Date: Sun 23-Jan-1991 21:15:24 From: sahayman@iuvax.cs.indiana.edu (Steve Hayman) Subject: NeXT "audio ping" for network debuggingThe thinwire started messing up in the building where I work yesterday;
I was scurrying around with an ethernet terminator cutting off segments of the network to try to isolate where the problem was.I have a NeXT and a Sun on my desk, and was trying to ‘ping’ the Sun from the NeXT.
Whether it worked depended on where I cut the network off.ping is a good tool for debugging but it sure is a pain to have to run back to your office to see if any of the ping packets are getting through.
So I came up with this quick hack.
#!/bin/sh
audio-ping host
output of ‘ping’ looks like this:
# ping porbeagle
PING porbeagle.cs.indiana.edu: 56 data bytes
64 bytes from 129.79.254.138: icmp_seq=0. time=3. ms
64 bytes from 129.79.254.138: icmp_seq=1. time=3. ms
…
one line per second. no output is produced if the packets
aren’t coming back.
This script plays a sound whenever it sees a line with “icmp_seq” on it.

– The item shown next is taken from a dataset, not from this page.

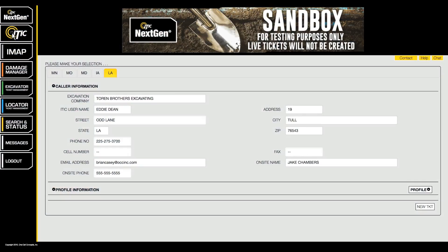In this video, we will show you how to create excavation profiles. The Profiles feature allows you to create templates that can be used to automatically fill in commonly used information on multiple locate requests.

ping $1 2>&1 | while read line; do case “$line” in icmp_seq) sndplay ping.snd ;; esac done
Now start this up. Crank up the volume on your NeXT to the max.
You can now wander through the building fiddling with the network, unplugging different machines and so on; if it’s working you’ll hear this voice saying PING … PING … PING; if it quits working the voice will stop.If you wanted to get really fancy you could play a different sound for some of the other messages that ping might generate - sometimes ping says “network is down”, for instance.

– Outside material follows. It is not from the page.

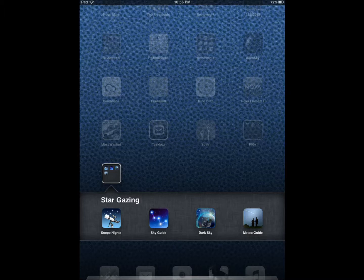So as far as these four applications go, Meteor Shower Guide provides you with meteor shower events that are coming up. Dark Sky Finder shows you dark areas with less light pollution so you can go and actually explore the sky with your telescope. You can actually see more objects. Sky Guide shows you what's in the sky, provides you with a guide.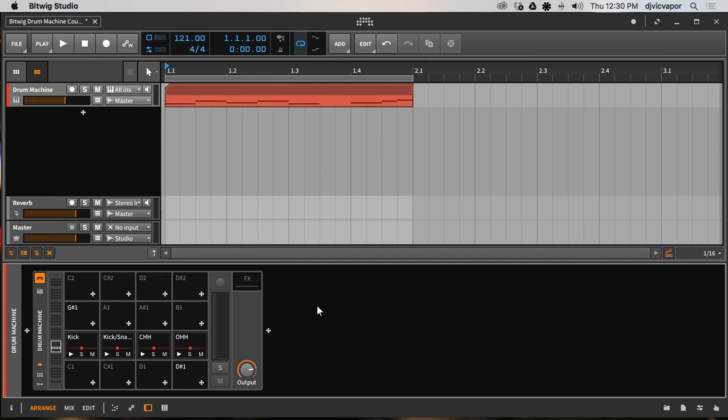So let's go ahead and move on to the next tutorial and see what else we can do with our newly found, kind of recreated, redesigned loop here. Let's take a look at maybe even layering beats. How about that? That sounds like something cool to figure out. Talk to you in the next tutorial.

This script helped me find a faulty tee-connector in just about a minute.
OK it’s a dumb hack.
Steve
ping? what's that?
ping is a Unix tool that attempts to make a connection to a remote computer, and once a second, it will print a line of received data. It’s a quick way to check if your network is working. Ping a faraway computer, and if you get a line of information back every second, your network is working.
I still use this today.
so what where you trying to do in 1991?
I was working for the computer science department at Indiana University - we’d temporarily been relocated to, I think, this building - while the main CS building was being renovated (and wow, did I ever wind up with a great office in the renovated building when it was done, Lindley Hall - corner office, top floor, overlooking the quad… and two weeks after we moved in, I quit to come back to Canada. I’ll never have an office like that again.)
Anyway. The network in our little house wasn’t working. I was running this ‘ping’ program and had to keep returning to my desk to see if it was working, as I experimented with changing network settings and futzing with cables on other computers in the building. We didn’t have portable computers, that’s for sure.
So what I did above was to combine the sound recording tool on my NeXT cube on my desk, with the Unix ping program, in a way that my computer would play a recording of me saying PING once a second when the network was working, and it’d be silent otherwise. I could then wander through the building adjusting things and when I heard the PING sound from upstairs, I knew I’d fixed it.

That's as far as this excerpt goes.